Osborne set to use fiscal magic trick to deliver a budget surplus

Martin Beck, senior economic adviser to the EY Item Club, said the chancellor’s plan to find another £4 billion of departmental savings in the budget should be taken with a pinch of salt.

The savings will help the chancellor to meet his budget rule of eliminating the deficit by the 2019-20 financial year. However, they are expected to be uncosted, a trick he has used before to make his numbers work without detailing where the axe will fall.

By delaying the detail on the cuts, Mr Osborne can wait and hope that better growth in future years will allow him to row back on the extra austerity.

The chancellor used the tactic in the spending review last November, when he pocketed part of a £27 billion windfall to relax departmental spending cuts by £8 billion in 2019-20.

Government departments were given a total spending figure of £320.3 billion in the July budget for 2019-20, the key year.

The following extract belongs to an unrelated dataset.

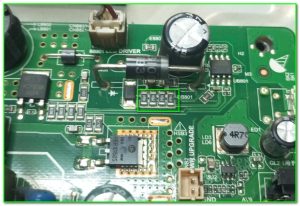 резисторы токового датчика на плате TP.MT5510S.PB756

At the spending review in November, the chancellor increased that by £8.3 billion to £328.6 billion to spare departments such deep cuts. The chancellor was able to relax the squeeze on departmental spending thanks to forecasting changes by the Office for Budget Responsibility, which handed him a £27 billion windfall for the five-year parliament. Unlike earlier windfalls, he used the money to ease up on austerity.

Mr Beck, said: “The tighter spending plans that the chancellor announced he would follow [early this year] mean that he has some blueprints for a squeeze on spending in his forthcoming statement.

“But the major extent to which those plans changed over a relatively short period of time suggests that we should take talk of spending cuts several years in the future with a pinch of salt. They may be more about getting Mr Osborne out of what he will hope is a short-term fiscal hole.”

Osborne has been criticised for using uncosted savings to meet his rules before. Two years ago, the Institute for Fiscal Studies criticised him for paying for tax giveaways with “unspecified spending cuts”.

The chancellor disclosed that extra cuts were coming on Sunday, when he told BBC One’s The Andrew Marr Show: “I need to find additional savings equivalent to 50p in every £100 the government spends by the end of the decade.”

Spending in 2019-20 is forecast to be £821 billion, which suggests the chancellor is eyeing £4 billion of savings.